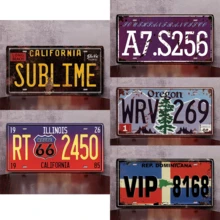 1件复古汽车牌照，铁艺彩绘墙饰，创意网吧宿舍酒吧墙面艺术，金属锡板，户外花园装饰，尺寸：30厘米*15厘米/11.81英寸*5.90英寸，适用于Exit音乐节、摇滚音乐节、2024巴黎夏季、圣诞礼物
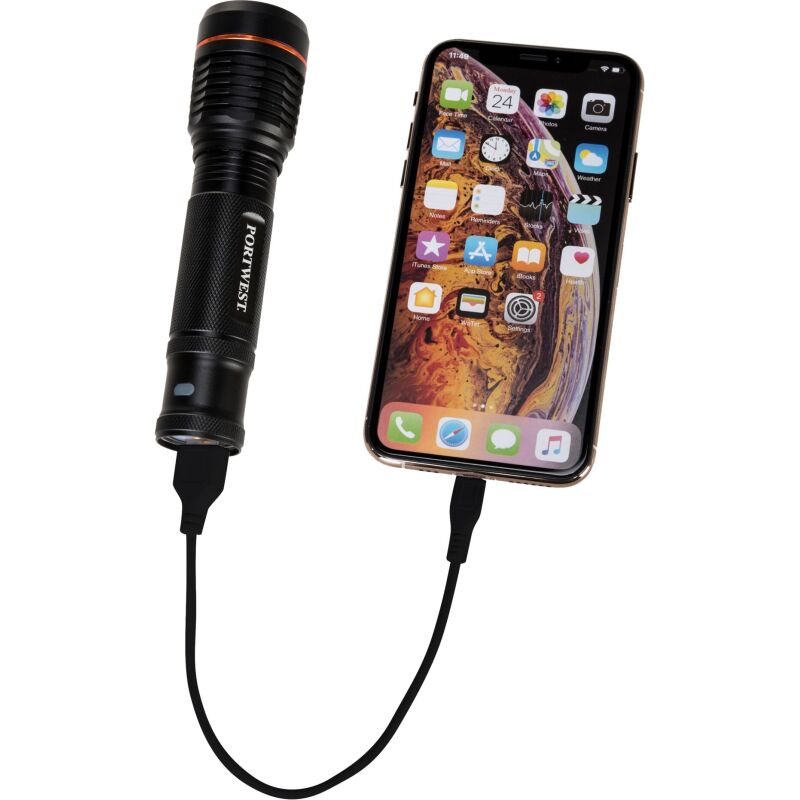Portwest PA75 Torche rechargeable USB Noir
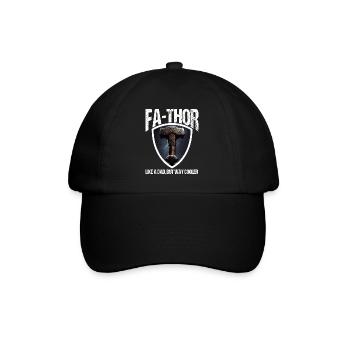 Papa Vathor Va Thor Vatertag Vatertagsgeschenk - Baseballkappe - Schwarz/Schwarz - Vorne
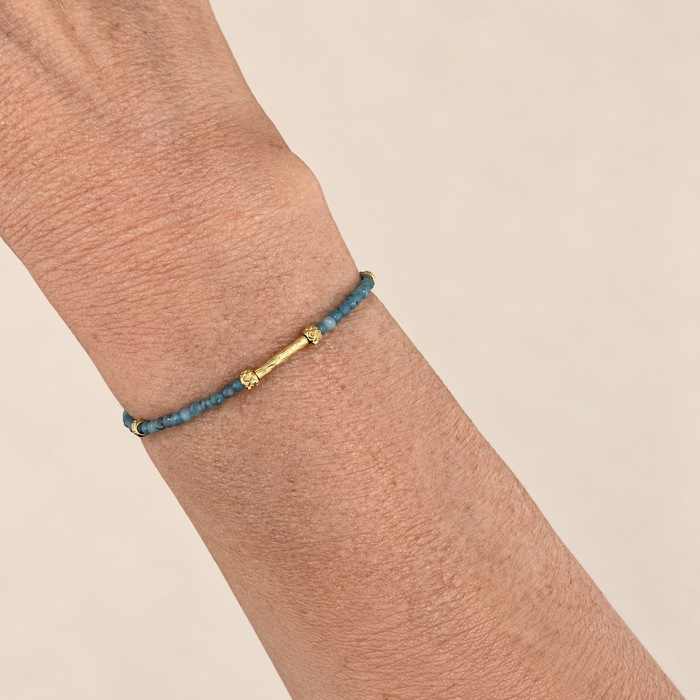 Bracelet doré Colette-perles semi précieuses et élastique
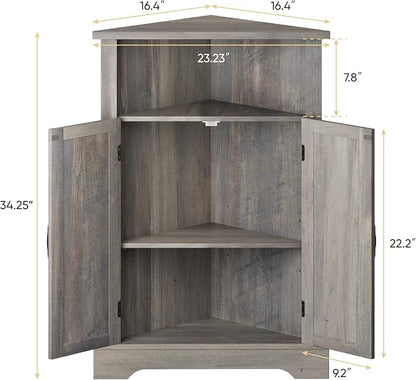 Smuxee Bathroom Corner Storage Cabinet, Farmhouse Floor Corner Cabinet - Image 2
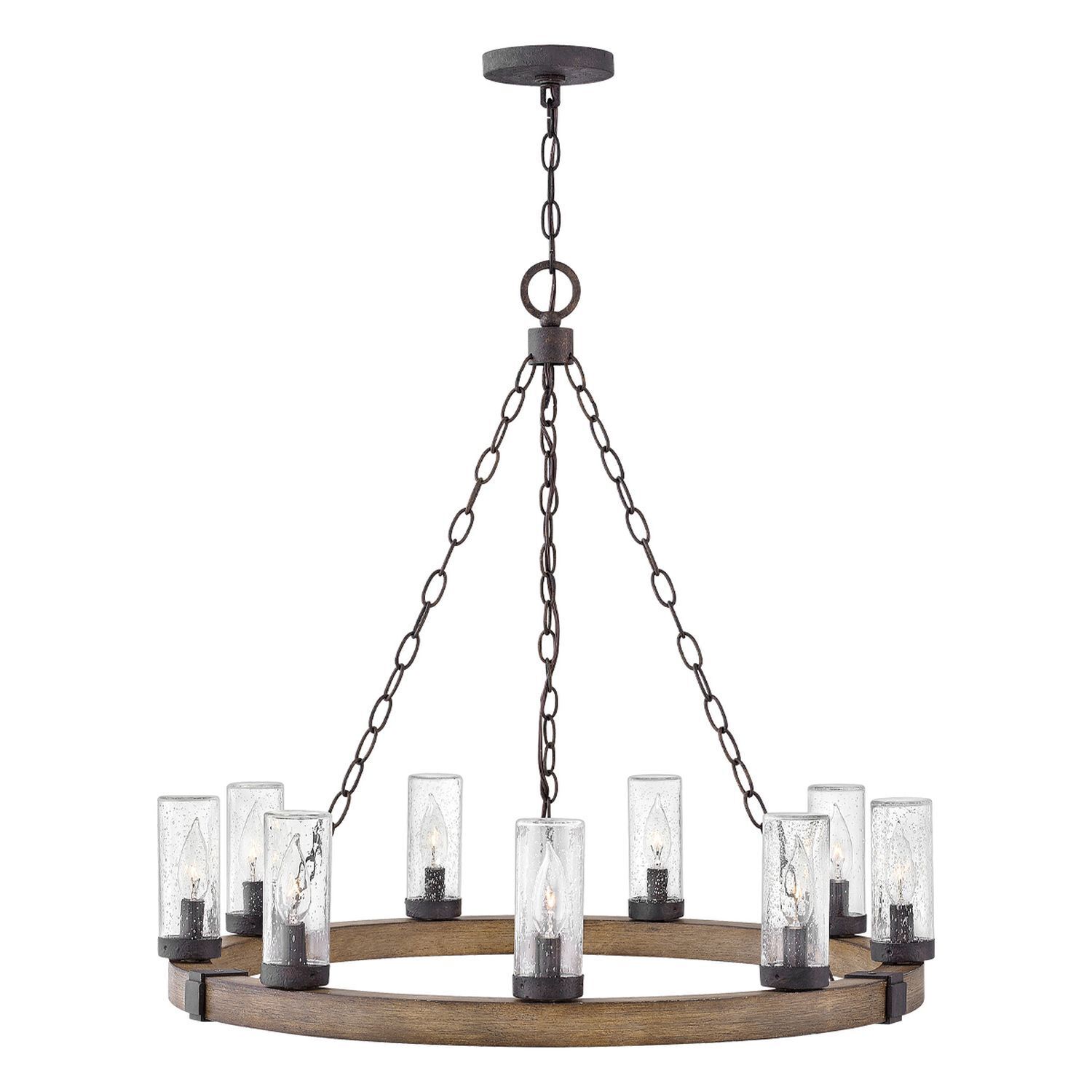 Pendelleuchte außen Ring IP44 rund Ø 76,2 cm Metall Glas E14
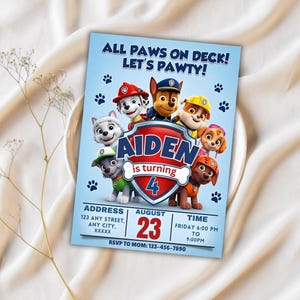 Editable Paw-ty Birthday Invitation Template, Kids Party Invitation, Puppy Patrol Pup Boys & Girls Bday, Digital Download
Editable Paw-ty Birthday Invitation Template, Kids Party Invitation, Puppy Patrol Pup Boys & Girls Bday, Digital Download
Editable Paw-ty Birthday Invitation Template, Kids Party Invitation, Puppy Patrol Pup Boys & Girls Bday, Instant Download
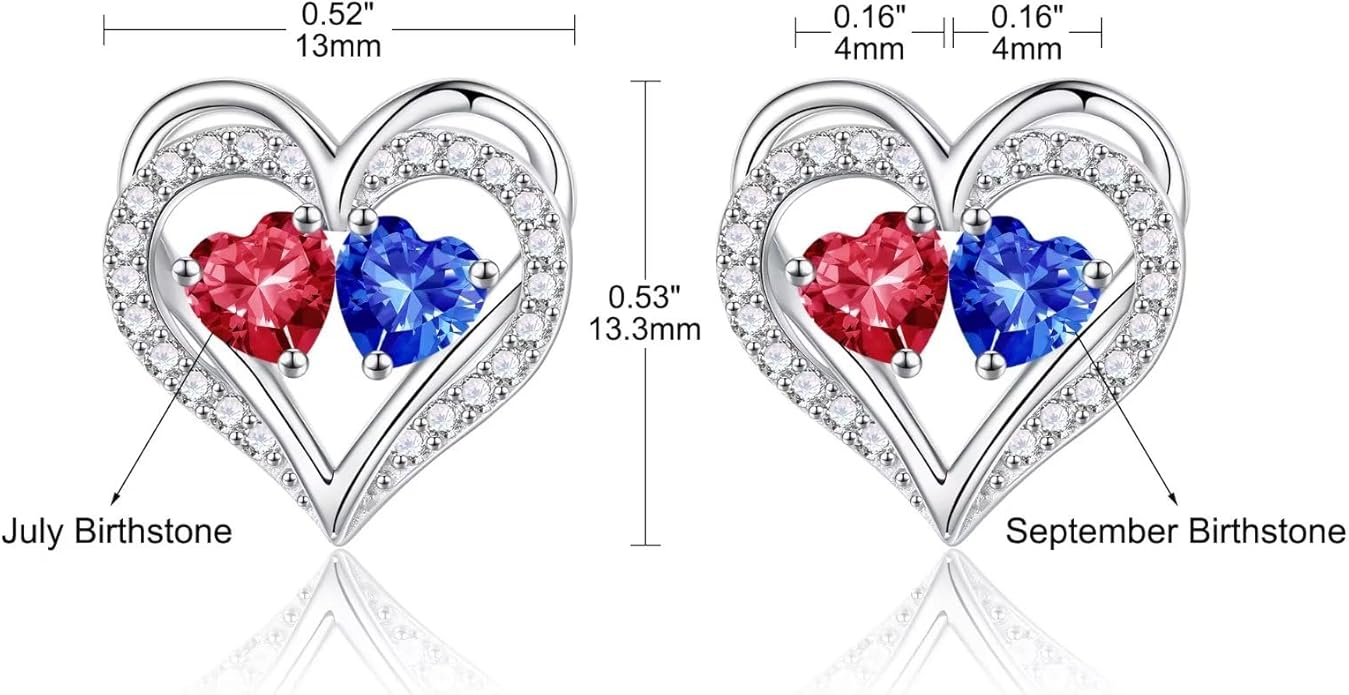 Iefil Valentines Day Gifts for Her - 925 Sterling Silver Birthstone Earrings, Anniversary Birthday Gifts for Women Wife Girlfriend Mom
======
- _Exercise instructions_
Reproduce the listing exactly, images omitted.

- _Task result_
 1件复古汽车牌照，铁艺彩绘墙饰，创意网吧宿舍酒吧墙面艺术，金属锡板，户外花园装饰，尺寸：30厘米*15厘米/11.81英寸*5.90英寸，适用于Exit音乐节、摇滚音乐节、2024巴黎夏季、圣诞礼物
Portwest PA75 Torche rechargeable USB Noir
 Papa Vathor Va Thor Vatertag Vatertagsgeschenk - Baseballkappe - Schwarz/Schwarz - Vorne
 Bracelet doré Colette-perles semi précieuses et élastique
 Smuxee Bathroom Corner Storage Cabinet, Farmhouse Floor Corner Cabinet - Image 2
 Pendelleuchte außen Ring IP44 rund Ø 76,2 cm Metall Glas E14
 Editable Paw-ty Birthday Invitation Template, Kids Party Invitation, Puppy Patrol Pup Boys & Girls Bday, Digital Download
Editable Paw-ty Birthday Invitation Template, Kids Party Invitation, Puppy Patrol Pup Boys & Girls Bday, Digital Download
Editable Paw-ty Birthday Invitation Template, Kids Party Invitation, Puppy Patrol Pup Boys & Girls Bday, Instant Download
 Iefil Valentines Day Gifts for Her - 925 Sterling Silver Birthstone Earrings, Anniversary Birthday Gifts for Women Wife Girlfriend Mom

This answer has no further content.